Nurturing curiosity in young learners is one of the great joys of teaching. But Why? is the perfect podcast for answering students’ curious questions. Episodes answer questions like “Are yawns really contagious?” “Why do we like to eat certain foods?” and “Why don’t bicycles fall over?” The questions are interesting, the answers are fascinating and, if you’re not careful, you too might find yourself caught up in this show!

Podcasts and Pedagogy

OK, so podcasts nurture creativity and help students learn, but how can you put this into action? There are many ways you can use podcasts, here are just a few:

  1. Assign episodes of a podcast and use the information they provide to drive class discussion.

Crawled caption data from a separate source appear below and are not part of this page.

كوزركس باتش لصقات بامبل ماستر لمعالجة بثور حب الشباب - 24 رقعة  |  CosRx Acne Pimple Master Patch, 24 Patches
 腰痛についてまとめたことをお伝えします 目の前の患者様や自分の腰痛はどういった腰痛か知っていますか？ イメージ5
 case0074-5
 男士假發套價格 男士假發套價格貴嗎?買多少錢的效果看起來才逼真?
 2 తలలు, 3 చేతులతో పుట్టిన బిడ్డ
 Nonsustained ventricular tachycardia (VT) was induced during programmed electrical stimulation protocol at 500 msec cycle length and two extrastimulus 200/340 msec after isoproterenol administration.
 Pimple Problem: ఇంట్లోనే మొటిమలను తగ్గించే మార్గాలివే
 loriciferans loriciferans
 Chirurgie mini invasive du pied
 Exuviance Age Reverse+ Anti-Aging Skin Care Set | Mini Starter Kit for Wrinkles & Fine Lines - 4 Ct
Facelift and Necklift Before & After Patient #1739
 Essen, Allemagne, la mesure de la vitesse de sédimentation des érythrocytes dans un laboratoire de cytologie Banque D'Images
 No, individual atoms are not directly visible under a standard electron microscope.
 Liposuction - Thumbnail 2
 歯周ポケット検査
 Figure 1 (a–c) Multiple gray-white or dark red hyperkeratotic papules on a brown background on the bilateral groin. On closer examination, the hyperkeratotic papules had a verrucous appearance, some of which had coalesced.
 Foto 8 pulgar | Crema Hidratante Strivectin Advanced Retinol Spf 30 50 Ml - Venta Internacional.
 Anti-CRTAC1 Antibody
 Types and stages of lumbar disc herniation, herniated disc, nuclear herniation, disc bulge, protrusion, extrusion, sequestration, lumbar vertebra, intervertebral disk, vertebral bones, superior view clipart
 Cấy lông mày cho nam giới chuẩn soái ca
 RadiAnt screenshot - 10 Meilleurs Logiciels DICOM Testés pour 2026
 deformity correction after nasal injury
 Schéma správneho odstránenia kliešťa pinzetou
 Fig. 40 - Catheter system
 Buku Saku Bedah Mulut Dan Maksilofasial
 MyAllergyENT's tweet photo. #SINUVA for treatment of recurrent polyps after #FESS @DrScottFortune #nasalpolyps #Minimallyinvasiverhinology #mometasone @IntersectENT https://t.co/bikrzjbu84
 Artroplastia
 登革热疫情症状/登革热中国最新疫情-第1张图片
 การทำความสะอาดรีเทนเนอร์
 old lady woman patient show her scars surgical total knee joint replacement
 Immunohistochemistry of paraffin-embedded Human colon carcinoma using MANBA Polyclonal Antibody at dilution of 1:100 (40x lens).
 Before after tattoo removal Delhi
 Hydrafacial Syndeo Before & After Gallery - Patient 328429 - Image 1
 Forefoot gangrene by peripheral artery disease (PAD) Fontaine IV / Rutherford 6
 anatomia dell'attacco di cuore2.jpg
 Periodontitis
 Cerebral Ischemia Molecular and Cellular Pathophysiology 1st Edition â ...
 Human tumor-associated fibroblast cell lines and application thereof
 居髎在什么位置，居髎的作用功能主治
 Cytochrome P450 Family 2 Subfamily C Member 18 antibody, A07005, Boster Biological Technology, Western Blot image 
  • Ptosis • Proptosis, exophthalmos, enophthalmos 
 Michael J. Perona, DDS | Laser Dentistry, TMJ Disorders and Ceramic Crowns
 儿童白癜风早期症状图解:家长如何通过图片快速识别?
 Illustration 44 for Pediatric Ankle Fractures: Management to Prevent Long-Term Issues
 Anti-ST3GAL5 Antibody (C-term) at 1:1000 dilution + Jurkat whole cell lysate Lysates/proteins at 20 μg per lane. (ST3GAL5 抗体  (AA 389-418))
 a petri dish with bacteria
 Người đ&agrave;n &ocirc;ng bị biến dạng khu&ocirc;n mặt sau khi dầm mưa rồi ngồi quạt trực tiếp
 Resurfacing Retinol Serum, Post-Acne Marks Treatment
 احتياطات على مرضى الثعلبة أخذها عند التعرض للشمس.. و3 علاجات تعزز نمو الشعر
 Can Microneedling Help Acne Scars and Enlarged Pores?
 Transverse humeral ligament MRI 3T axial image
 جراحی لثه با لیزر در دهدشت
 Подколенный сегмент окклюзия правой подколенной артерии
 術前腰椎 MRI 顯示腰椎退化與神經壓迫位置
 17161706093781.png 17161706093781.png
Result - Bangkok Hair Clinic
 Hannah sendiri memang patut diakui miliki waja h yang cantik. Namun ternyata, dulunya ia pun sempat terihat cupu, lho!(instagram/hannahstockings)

  2. Ask students to write down questions as they listen to the podcast. Then, work with them to research answers to those questions.

  3. For narrative podcasts like Story Pirates, have students submit their own stories (as previously mentioned) or create an assignment where they write an alternative ending. You can also have them illustrate the story as it was told on the show.

  4. Assign a different episode to each student and, after they’ve listened, have them present the topic to the class.